Open melsophos opened 10 years ago
we get the categories from arXiv's XML, e.g. for your item: http://export.arxiv.org/oai2?verb=GetRecord&identifier=oai%3AarXiv.org%3A0912.5286&metadataPrefix=oai_dc (under setSpec) I'm not attached to the current publication field, but I'd much prefer not to try to scrape anything off the rather unstructured arXiv item page. Any recommendations you have based on the XML data I'd probably be happy to implement.
Thank you for your answer.
So I took a look at the XML (and some other examples, like 1311.1190) and it seems that the main category is given by the first dc:subject, the others being sorted alphabetically. The problem is that the category is given by its whole name and not its abbreviation…

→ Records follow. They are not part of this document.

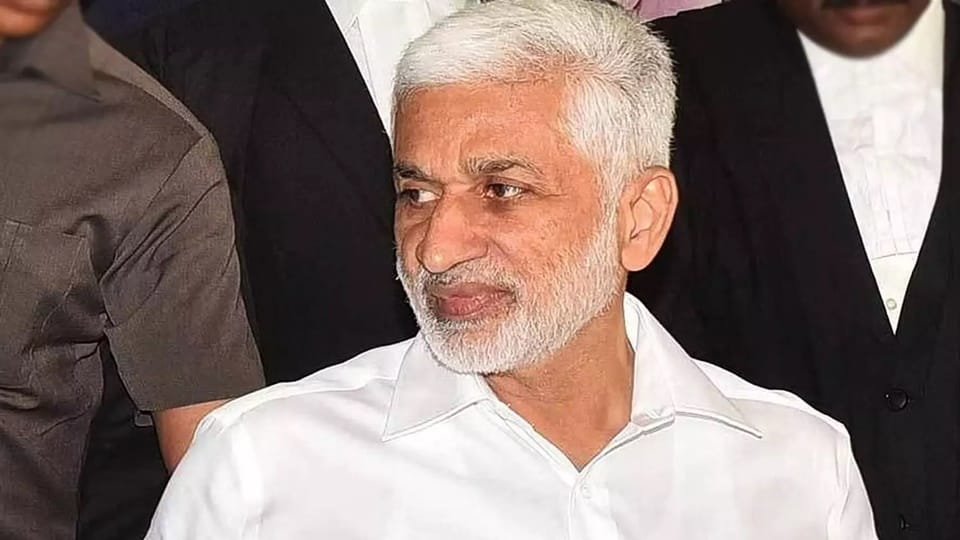 YSRCP general secretary V Vijayasai Reddy in favour of One Nation One Election proposal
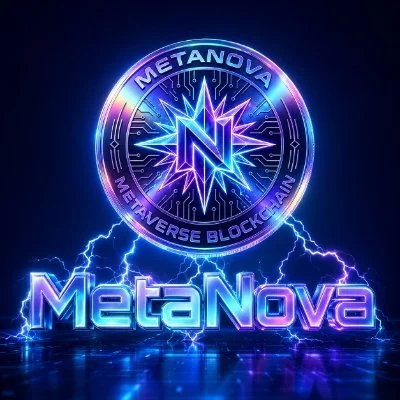 MetaNova Token Listing on XT Exchange logo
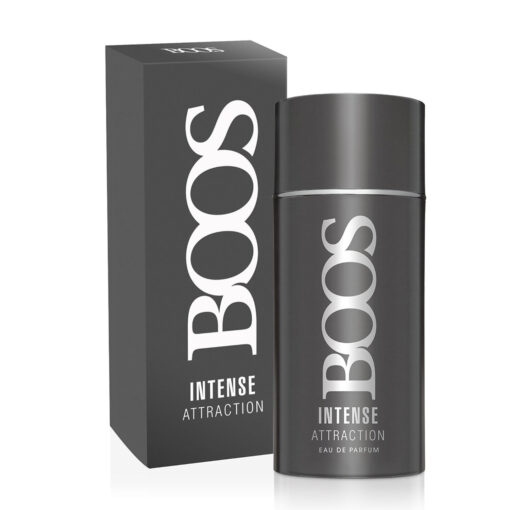 Perfume Boos Intense Attraction X 90 Ml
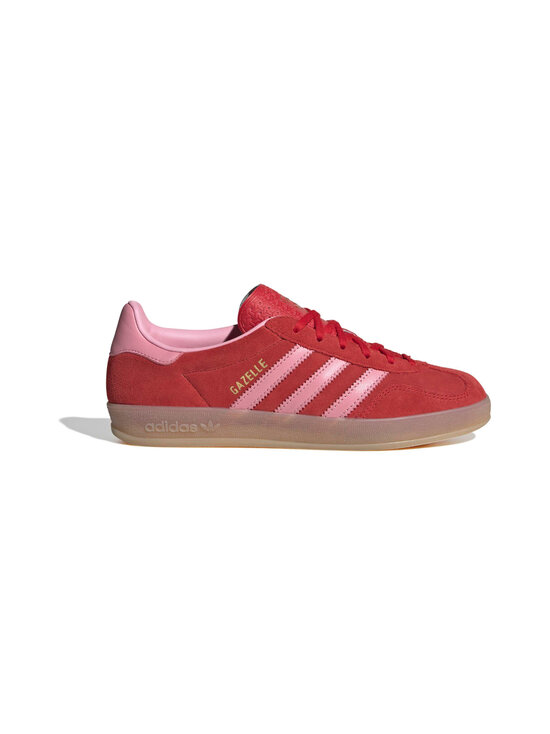 adidas Originals - Seemisnahast tossud W Gazelle Indoor - IH6797 BETSCA/LTPINK/GUM4 | Stockmann - photo 1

I think the way to go would be to switch to the atom xml rather than the oai e.g. http://arxiv.org/help/api/index http://export.arxiv.org/api/query?id_list=1107.4612 (use source view to view the xml) that has the primary category and cleaner data overall (also has the abstract). It'd take me some time before I get to that, but if you know some javascript, feel free to take a look at the translator yourself - you'd only have to modify the api calls ( https://github.com/zotero/translators/blob/master/arXiv.org.js#L85 and https://github.com/zotero/translators/blob/master/arXiv.org.js#L106 ) and the handling of the XML: https://github.com/zotero/translators/blob/master/arXiv.org.js#L115
You are right this source is much better. I never really touched javascript but I will try to see if I can do something.
don't spend too much time unless you're in a hurry. I'll do this eventually, but it's going to take a couple of months.
and here's a quick primer on translator coding: http://www.zotero.org/support/dev/translators/coding in particular, you'll want to use Scaffold, which makes testing this much, much faster.
I was wondering how the field "publication" for arxiv entries is filled: first I was thinking that the first item to appear is the main category, while the ones after - prepended with "physics:" (in my example to follow) - were the secondary categories.
But if I take the following paper: http://arxiv.org/abs/0912.5286 The publication field is "arXiv: 0912.5286 [astro-ph, physics:gr-qc, physics:hep-th]". On the opposite, the category list is: "gr-qc, astro-ph(.CO), hep-th", where gr-qc is the principal.
I need to know precisely what is the primary class because I have a script which parses the bib file exported from Zotero in order to insert the various fields for eprints (archivePrefix, eprint, primaryClass). (Note that I don't know if it is easy to find it, since at this point the categories are all collected at the same time.)